[Image-text web data]

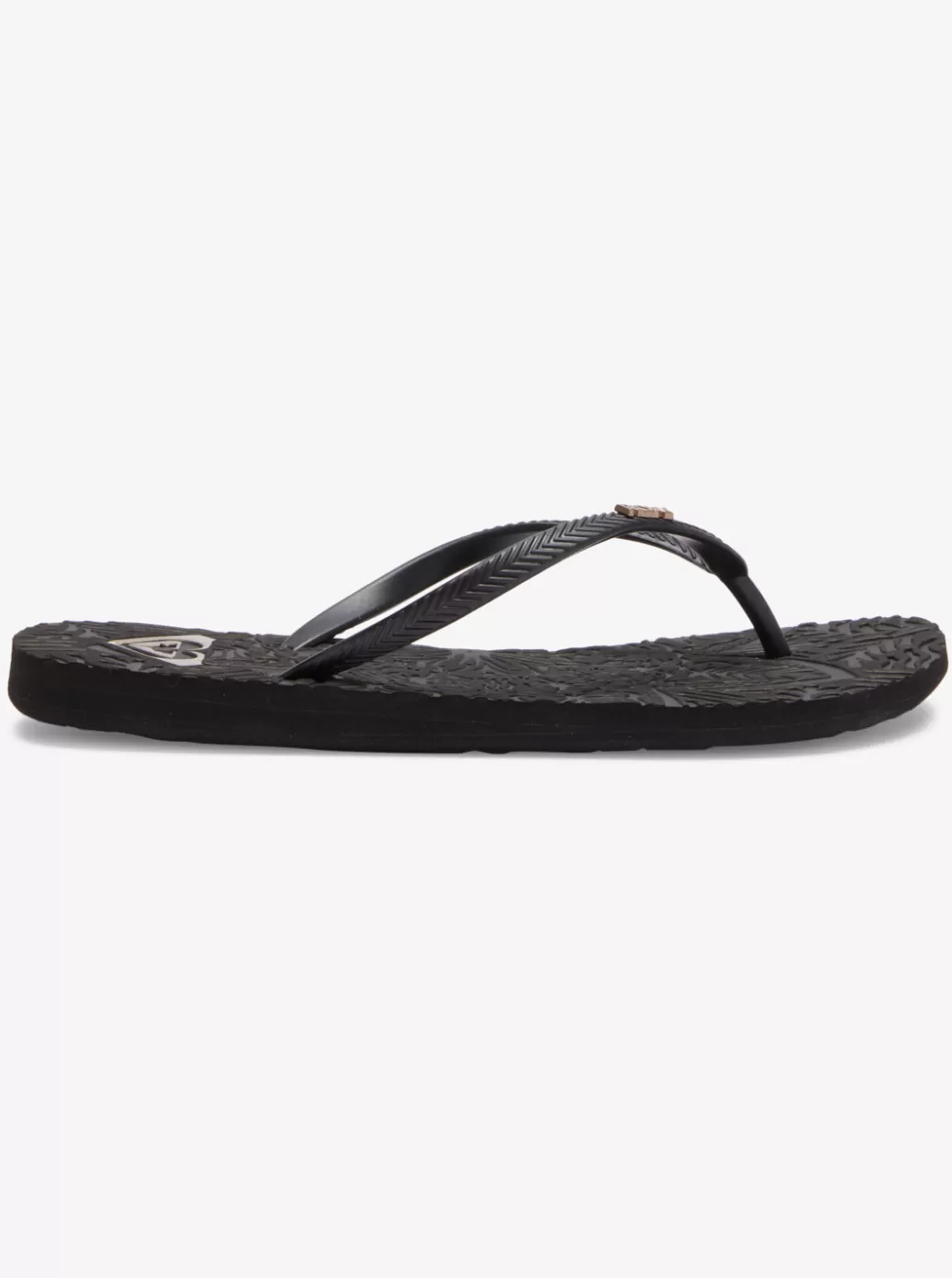 Flip Flops | WOMEN ROXY Antilles Flip Flops Black
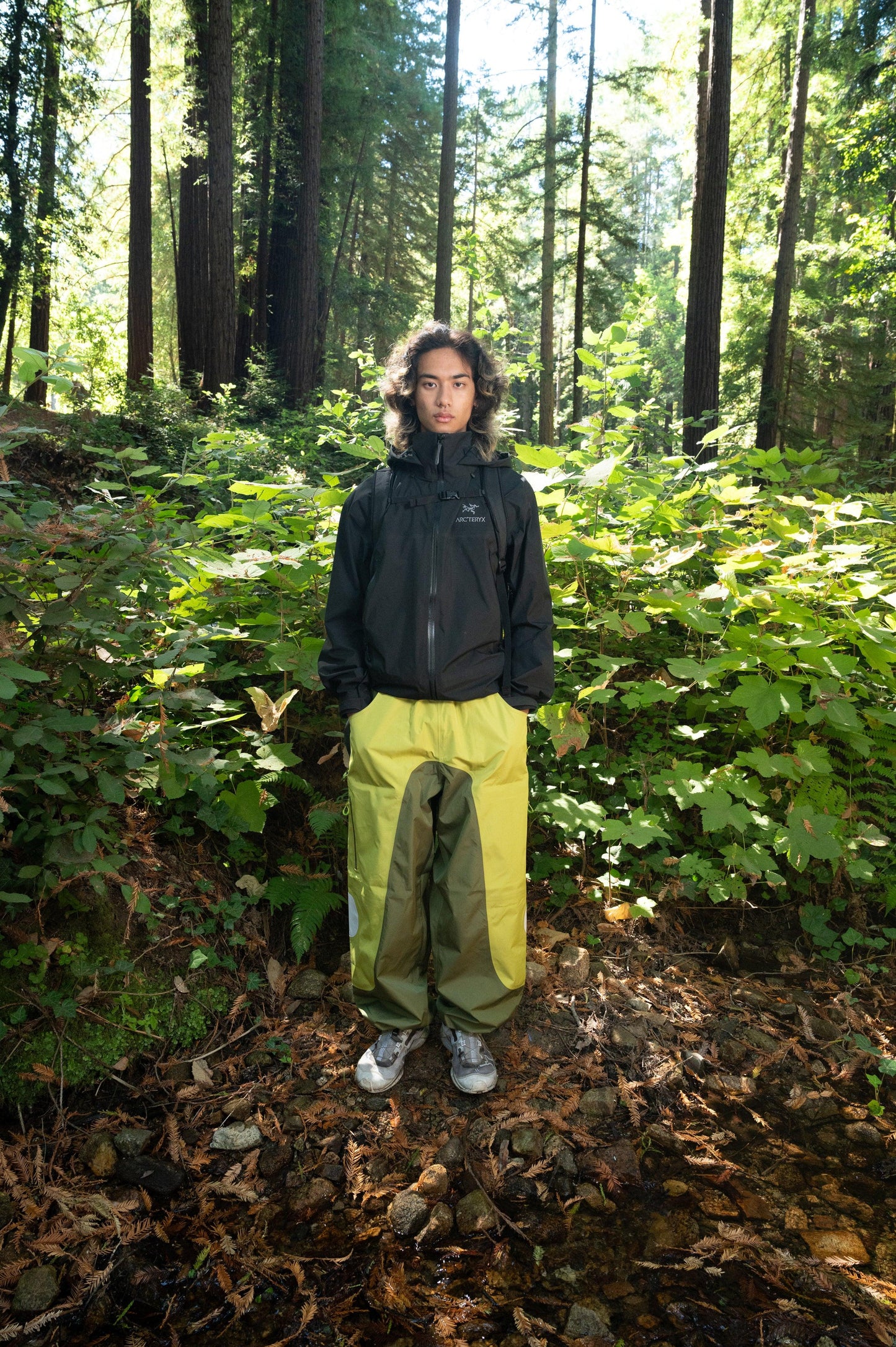 GEN 2 Trekker Shell Pants (Forest) - Kawa Club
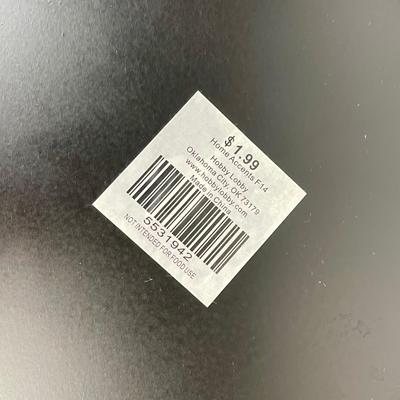 Melamine Chargers set of 6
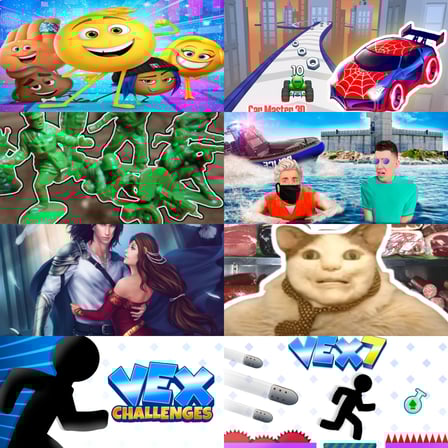 Vex Games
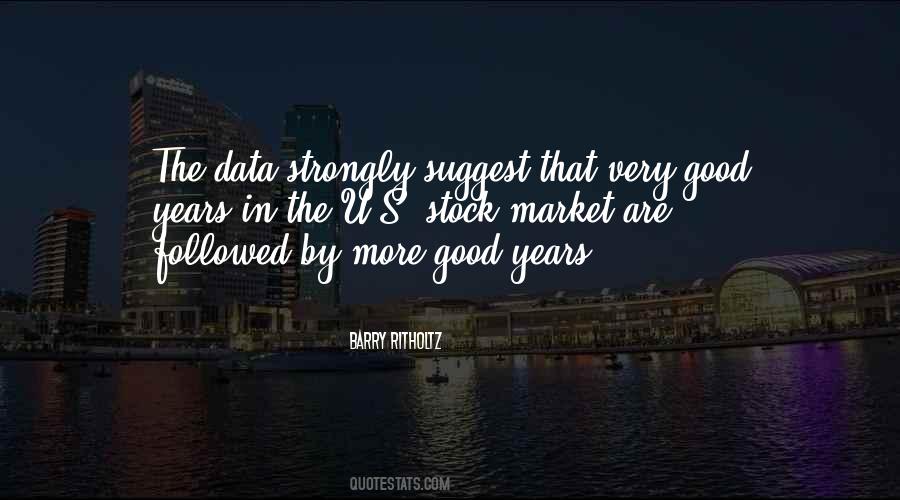 Barry Ritholtz Quotes #79278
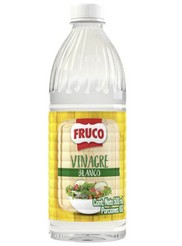 Vinagre Fruco Blanco 500 ml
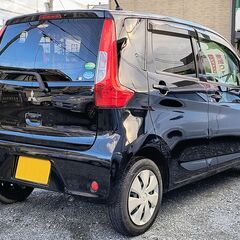 実走行9千km ☆車検満タン2年付き☆全部コミコミ乗り出し価格☆でも外装が・・・☆軽自動車の画像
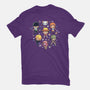 On The Cruise-Womens-Basic-Tee-Geekydog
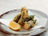 鶏ささみの大葉揚げ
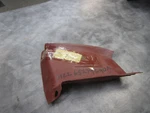 1971-1973 Ford Mustang Trunk Drop Off Extension Nos Right Side. Fixed Price $99.95.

EXERCISE REQUIREMENTS: Return the lines exactly, from the one containing "実走行9千km ☆車検満タン" through the last line above, including both ends and excluding every picture.

OUTPUT:
 実走行9千km ☆車検満タン2年付き☆全部コミコミ乗り出し価格☆でも外装が・・・☆軽自動車の画像
 On The Cruise-Womens-Basic-Tee-Geekydog
 鶏ささみの大葉揚げ
 1971-1973 Ford Mustang Trunk Drop Off Extension Nos Right Side. Fixed Price $99.95.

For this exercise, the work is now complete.